エンゲージメント
エンゲージメント(engagement)とは、「約束」「契約」「関与」など、人とのつながりや関係性を意味する言葉。マーケティングでは「企業と従業員」や「自社と顧客」との関係性を指す。企業と従業員の結びつきが強い状態を「エンゲージメントが高い」と表現される。
企業におけるエンゲージメントには、「従業員エンゲージメント」「顧客エンゲージメント」「ワークエンゲージメント」などがある。
・「従業員エンゲージメント」
企業と従業員が相互に関係しながら成長することを指す。とくに従業員の自社に対する愛着や思い入れを示す指標となる。少子高齢化で労働力不足が進むなか、優秀な人材の確保(定着)には、従業員エンゲージメントの向上が欠かせない。従業員エンゲージメントを高めると、企業理念に共感して「貢献したい」という意欲が生まれる。仕事へのモチベーションが上がり、業務の生産性も向上する。

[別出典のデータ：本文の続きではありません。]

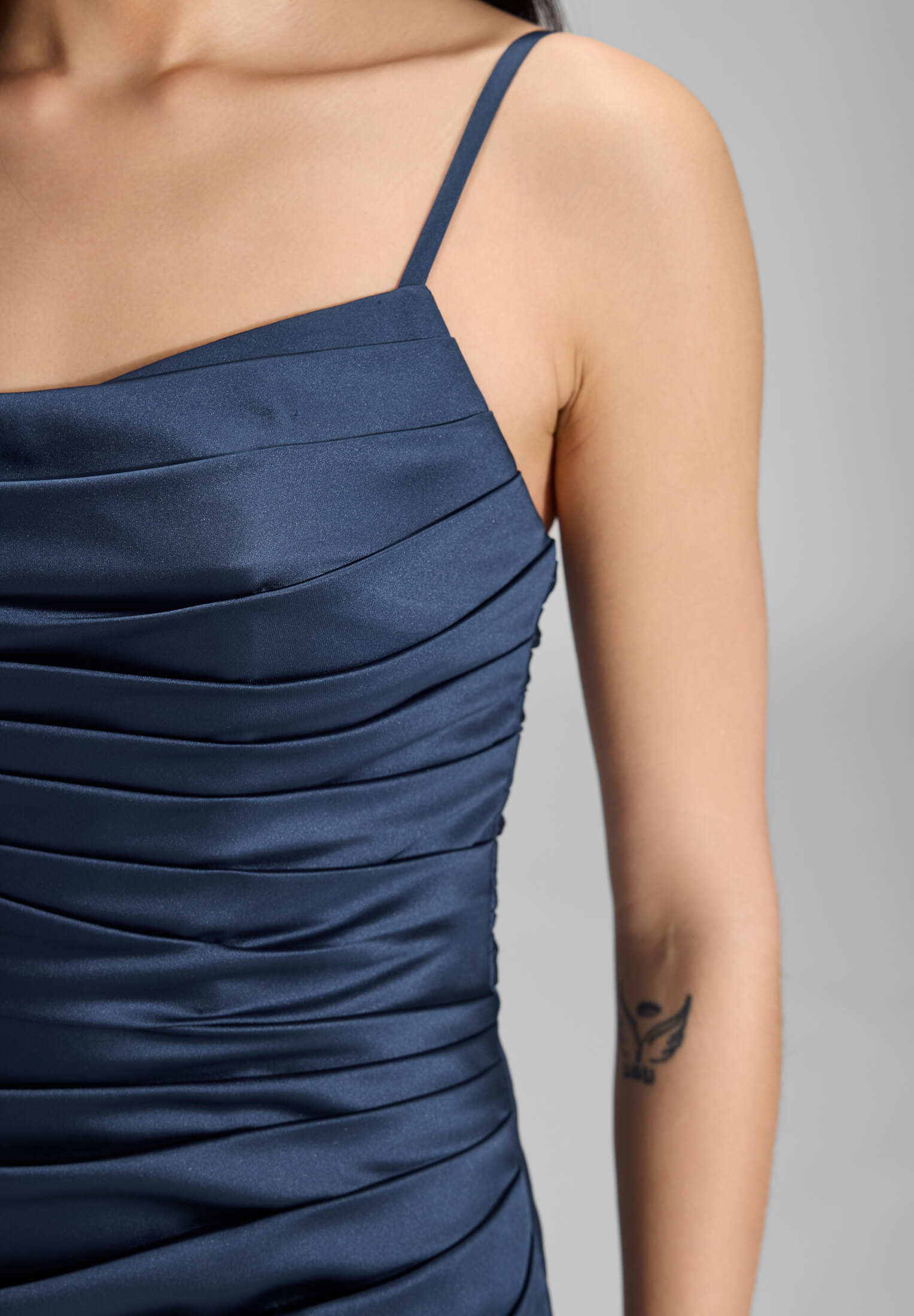 Satinkleid mit Raffungen und hohem Beinschlitz - Image 4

よく似た概念に「従業員満足度」がある。従業員満足度は、業務内容や職場環境、給与や福利厚生などの待遇面にどれだけ満足しているかを指す。業績と直結するかどうかは明らかではない。
・「顧客エンゲージメント」
企業とその顧客の親密度・信頼関係を指す。顧客が企業に対して、継続的に好感度を持ち、製品の購入やサービス利用などの行動を起こしてくれる顧客エンゲージメントの向上は、企業の売上に直結する。また、顧客から改善要望や意見を得られるようになり、商品の改善や新サービスの開発にもつながる。
・「ワークエンゲージメント」
従業員が仕事に対して充実した心理状態であることを指す。「バーンアウト(燃え尽き症候群)」の対概念として提唱された。ワークエンゲージメントが高い人は、仕事に誇りとやりがいを感じ、仕事から活力を得て、仕事に熱心に取り組む。その結果、仕事の質が上がり、業務の生産性も向上する。
エンゲージメントの高い企業は人材の定着率も高く、業績や生産性の向上も期待できる。そのため、エンゲージメントの向上を重要な経営戦略の一つとする企業が増えている。